▸ Required action: The lines from the start of the records below through the line containing "Apple iPhone 16 Black 128GB/8GB" are to be copied exactly, both ends included, with nothing added.

Data extracted from a collection
::::

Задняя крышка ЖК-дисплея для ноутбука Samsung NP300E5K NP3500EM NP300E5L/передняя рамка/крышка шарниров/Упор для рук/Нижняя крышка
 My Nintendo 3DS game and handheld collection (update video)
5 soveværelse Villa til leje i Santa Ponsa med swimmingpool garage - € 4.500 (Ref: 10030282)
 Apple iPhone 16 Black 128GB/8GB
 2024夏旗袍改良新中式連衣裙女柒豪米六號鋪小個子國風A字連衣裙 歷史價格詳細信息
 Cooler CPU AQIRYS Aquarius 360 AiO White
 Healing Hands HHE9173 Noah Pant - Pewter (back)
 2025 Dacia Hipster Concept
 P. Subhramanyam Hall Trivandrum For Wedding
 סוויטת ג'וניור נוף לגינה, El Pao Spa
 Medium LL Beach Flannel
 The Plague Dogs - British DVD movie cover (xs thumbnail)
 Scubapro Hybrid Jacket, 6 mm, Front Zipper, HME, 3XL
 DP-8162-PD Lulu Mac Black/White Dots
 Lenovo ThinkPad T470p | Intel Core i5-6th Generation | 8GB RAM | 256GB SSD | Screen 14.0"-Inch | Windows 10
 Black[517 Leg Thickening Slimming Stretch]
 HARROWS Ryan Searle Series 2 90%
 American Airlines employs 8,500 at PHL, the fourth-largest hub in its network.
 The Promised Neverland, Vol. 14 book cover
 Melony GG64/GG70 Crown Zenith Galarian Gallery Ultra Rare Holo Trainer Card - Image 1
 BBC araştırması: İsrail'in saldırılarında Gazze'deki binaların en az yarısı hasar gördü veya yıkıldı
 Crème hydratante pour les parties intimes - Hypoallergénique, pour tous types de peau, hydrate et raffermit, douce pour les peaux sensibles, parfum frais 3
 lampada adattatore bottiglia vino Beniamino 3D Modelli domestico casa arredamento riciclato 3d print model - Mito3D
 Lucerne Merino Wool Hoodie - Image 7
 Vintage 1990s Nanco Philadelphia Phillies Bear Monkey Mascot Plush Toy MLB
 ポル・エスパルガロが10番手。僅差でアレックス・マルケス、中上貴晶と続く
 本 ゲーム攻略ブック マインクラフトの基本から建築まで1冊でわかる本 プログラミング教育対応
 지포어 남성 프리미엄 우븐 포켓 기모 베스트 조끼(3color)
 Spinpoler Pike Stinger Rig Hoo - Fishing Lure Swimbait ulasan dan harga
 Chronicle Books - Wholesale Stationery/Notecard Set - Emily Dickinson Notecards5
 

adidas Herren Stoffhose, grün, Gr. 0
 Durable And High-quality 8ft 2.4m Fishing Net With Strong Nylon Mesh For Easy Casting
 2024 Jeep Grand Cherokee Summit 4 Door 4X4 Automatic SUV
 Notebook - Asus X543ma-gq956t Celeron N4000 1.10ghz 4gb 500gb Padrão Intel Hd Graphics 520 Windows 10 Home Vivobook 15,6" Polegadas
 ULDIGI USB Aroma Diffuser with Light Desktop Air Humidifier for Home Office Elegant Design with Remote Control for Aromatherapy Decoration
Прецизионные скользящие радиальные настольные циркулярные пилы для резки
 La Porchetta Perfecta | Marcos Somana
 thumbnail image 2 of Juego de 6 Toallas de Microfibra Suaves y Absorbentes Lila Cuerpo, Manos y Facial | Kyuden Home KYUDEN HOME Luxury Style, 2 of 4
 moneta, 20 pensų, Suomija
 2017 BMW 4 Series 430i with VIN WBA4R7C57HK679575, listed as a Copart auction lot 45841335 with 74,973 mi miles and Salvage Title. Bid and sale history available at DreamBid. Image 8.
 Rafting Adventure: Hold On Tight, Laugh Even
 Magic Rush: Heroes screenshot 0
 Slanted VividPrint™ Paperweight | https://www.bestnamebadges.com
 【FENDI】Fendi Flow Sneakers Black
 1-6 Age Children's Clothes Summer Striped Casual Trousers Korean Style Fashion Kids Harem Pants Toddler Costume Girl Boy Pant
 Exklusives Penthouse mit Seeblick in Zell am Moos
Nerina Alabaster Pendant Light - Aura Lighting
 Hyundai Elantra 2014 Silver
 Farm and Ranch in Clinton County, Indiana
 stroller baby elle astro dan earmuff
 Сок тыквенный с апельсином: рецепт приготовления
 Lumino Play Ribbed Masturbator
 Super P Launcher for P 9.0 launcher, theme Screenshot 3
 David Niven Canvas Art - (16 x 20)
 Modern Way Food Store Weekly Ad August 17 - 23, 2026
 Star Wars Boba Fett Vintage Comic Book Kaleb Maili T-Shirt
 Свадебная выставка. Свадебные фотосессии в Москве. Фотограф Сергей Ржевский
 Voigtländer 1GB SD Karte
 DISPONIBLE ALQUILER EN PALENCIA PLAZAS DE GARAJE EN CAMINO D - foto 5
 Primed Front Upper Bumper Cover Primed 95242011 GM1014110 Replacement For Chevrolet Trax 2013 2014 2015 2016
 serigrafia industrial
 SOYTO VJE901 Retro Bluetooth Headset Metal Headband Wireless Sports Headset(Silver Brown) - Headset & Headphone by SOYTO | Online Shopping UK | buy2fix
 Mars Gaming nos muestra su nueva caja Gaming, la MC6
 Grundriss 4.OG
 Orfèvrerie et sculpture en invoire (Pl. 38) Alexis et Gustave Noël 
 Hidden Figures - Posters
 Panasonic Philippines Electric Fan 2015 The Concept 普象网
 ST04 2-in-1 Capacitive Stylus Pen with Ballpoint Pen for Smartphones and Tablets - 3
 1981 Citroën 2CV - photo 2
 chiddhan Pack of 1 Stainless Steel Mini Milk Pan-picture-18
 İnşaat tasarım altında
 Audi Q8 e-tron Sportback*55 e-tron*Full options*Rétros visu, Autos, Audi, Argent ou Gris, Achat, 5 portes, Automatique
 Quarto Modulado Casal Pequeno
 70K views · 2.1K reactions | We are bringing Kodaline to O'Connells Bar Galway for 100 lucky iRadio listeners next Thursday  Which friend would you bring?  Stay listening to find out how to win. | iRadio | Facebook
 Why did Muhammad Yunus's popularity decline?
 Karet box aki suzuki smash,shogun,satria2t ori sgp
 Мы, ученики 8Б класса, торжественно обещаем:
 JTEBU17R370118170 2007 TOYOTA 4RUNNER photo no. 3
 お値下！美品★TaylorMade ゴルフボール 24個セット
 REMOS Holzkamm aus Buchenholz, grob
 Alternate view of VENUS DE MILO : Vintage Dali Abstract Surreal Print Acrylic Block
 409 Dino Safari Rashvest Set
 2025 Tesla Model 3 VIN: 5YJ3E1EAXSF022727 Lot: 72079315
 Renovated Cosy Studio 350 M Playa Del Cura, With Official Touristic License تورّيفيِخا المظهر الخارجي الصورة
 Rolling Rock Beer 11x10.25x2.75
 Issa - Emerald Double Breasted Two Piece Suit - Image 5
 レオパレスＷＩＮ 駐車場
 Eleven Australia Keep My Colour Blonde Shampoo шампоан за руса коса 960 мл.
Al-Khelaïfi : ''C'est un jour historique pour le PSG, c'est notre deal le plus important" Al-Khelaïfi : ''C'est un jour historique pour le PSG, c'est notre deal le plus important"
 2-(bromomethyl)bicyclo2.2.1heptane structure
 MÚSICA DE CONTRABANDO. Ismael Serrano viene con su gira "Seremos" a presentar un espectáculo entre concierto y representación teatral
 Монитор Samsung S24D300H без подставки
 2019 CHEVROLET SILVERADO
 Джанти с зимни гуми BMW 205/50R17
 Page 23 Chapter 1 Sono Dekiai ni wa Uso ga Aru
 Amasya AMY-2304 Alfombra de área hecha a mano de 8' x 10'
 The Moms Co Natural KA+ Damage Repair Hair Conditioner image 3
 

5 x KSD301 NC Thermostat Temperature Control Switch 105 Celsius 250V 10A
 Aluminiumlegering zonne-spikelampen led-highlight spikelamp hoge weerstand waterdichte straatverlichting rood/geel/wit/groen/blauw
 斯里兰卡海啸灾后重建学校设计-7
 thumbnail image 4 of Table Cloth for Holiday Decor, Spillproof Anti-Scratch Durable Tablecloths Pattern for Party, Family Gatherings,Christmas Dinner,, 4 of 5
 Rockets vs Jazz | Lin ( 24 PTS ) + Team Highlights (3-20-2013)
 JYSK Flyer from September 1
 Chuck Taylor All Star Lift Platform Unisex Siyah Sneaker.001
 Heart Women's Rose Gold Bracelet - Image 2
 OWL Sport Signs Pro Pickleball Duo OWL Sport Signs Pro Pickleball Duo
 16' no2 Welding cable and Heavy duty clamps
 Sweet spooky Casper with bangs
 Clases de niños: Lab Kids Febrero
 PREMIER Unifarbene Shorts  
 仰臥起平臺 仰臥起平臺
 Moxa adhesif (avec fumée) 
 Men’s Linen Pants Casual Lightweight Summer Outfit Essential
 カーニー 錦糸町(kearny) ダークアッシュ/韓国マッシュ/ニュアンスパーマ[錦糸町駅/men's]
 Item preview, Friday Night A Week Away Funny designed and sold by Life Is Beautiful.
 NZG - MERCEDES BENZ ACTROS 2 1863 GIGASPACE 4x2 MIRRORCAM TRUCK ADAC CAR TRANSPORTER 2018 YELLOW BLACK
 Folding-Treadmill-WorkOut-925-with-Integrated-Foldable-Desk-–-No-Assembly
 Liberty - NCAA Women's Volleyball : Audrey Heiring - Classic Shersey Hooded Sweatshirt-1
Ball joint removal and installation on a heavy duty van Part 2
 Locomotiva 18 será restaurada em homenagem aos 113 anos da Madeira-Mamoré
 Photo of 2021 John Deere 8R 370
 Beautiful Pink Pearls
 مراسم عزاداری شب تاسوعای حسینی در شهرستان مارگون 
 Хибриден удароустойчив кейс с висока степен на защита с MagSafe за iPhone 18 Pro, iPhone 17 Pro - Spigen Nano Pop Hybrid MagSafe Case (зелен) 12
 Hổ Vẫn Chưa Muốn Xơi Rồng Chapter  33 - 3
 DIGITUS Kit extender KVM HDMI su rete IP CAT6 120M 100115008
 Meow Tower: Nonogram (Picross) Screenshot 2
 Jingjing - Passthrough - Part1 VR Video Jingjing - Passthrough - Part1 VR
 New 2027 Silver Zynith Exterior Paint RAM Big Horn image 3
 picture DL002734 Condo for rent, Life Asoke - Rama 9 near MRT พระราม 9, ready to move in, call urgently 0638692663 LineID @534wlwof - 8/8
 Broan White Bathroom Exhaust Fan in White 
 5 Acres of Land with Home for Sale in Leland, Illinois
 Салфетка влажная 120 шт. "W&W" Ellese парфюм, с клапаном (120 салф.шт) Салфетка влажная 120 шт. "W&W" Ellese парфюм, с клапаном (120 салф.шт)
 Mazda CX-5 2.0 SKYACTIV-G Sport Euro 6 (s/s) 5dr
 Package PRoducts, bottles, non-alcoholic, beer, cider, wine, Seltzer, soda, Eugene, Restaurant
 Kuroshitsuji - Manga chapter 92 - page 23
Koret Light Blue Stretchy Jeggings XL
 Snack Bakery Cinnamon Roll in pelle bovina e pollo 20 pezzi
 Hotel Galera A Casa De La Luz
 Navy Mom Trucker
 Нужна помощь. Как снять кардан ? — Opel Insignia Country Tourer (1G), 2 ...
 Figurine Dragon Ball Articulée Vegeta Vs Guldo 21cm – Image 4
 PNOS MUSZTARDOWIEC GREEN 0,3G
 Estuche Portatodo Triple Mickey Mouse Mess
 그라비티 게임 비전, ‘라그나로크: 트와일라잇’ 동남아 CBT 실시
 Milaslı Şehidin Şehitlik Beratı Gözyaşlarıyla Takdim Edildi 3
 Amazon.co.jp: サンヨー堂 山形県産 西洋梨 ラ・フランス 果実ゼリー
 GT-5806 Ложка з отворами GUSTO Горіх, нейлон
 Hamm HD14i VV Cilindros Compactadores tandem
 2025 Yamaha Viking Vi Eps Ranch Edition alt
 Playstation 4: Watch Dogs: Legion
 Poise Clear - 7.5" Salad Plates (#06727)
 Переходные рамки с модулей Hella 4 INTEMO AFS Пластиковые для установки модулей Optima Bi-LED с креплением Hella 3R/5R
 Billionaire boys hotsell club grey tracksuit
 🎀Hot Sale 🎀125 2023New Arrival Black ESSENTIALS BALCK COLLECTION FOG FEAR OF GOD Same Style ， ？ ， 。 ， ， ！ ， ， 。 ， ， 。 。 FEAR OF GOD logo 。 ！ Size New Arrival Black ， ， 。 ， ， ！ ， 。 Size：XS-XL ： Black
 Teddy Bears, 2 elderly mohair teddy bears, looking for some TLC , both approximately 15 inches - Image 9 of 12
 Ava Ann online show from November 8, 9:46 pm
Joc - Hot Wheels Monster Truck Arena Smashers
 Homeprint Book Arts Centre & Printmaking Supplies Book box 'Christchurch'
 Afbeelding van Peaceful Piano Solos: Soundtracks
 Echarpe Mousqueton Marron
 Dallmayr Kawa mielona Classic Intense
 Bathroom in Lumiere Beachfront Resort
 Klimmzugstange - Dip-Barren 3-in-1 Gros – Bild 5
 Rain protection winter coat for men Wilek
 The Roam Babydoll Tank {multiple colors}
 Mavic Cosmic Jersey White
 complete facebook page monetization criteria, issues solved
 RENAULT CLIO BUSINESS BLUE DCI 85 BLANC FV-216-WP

::::

▸ Your response:
Задняя крышка ЖК-дисплея для ноутбука Samsung NP300E5K NP3500EM NP300E5L/передняя рамка/крышка шарниров/Упор для рук/Нижняя крышка
 My Nintendo 3DS game and handheld collection (update video)
5 soveværelse Villa til leje i Santa Ponsa med swimmingpool garage - € 4.500 (Ref: 10030282)
 Apple iPhone 16 Black 128GB/8GB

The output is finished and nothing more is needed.